▶ [Exercise data]
★ ★ ★

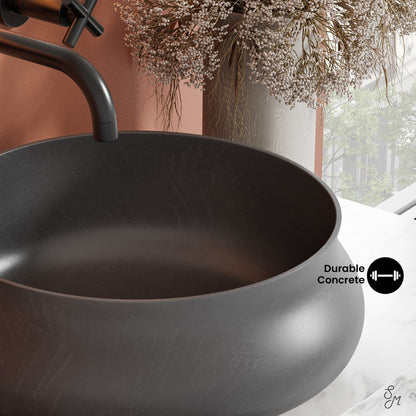 Swiss Madison Lisse 17.5" Round Concrete Vessel Bathroom Sink in Dark Grey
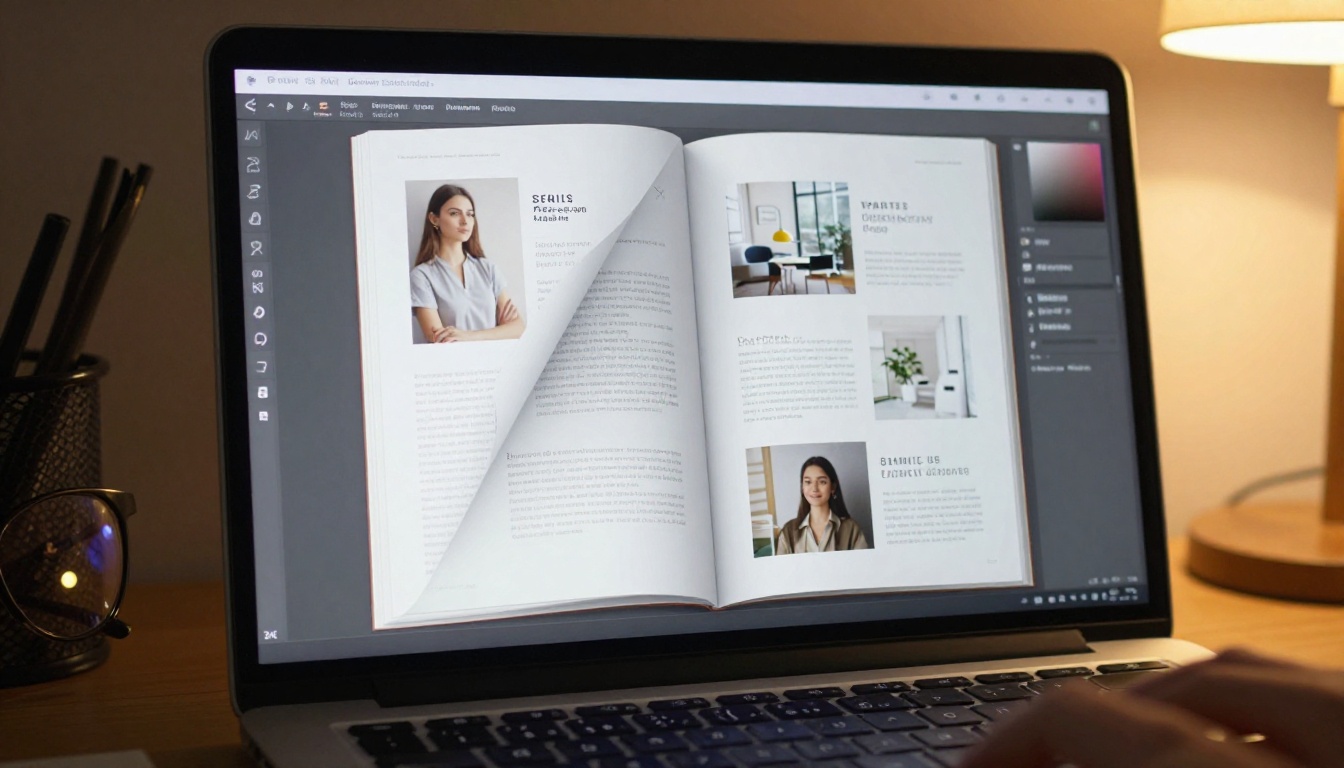 Close-up of a laptop screen showing an interactive digital flipbook portfolio with a realistic page-turning curl effect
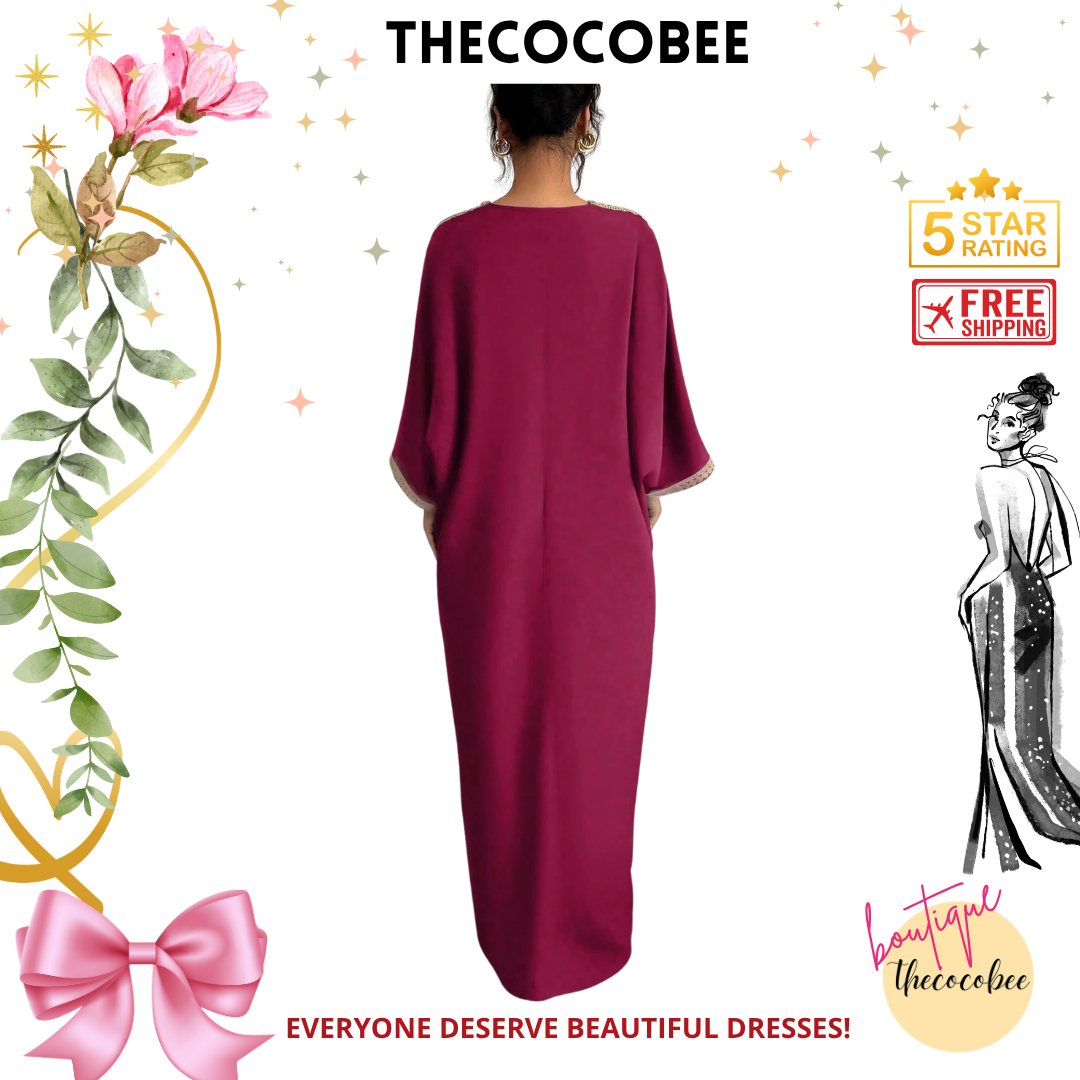 #145 Burgundy Style Patchwork Loose Holiday Robe With Pants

★ ★ ★

▶ [Description of the task] Word for word, quote the full listing, omitting every picture.

▶ [Answer to this problem]
 Swiss Madison Lisse 17.5" Round Concrete Vessel Bathroom Sink in Dark Grey
 Close-up of a laptop screen showing an interactive digital flipbook portfolio with a realistic page-turning curl effect
 #145 Burgundy Style Patchwork Loose Holiday Robe With Pants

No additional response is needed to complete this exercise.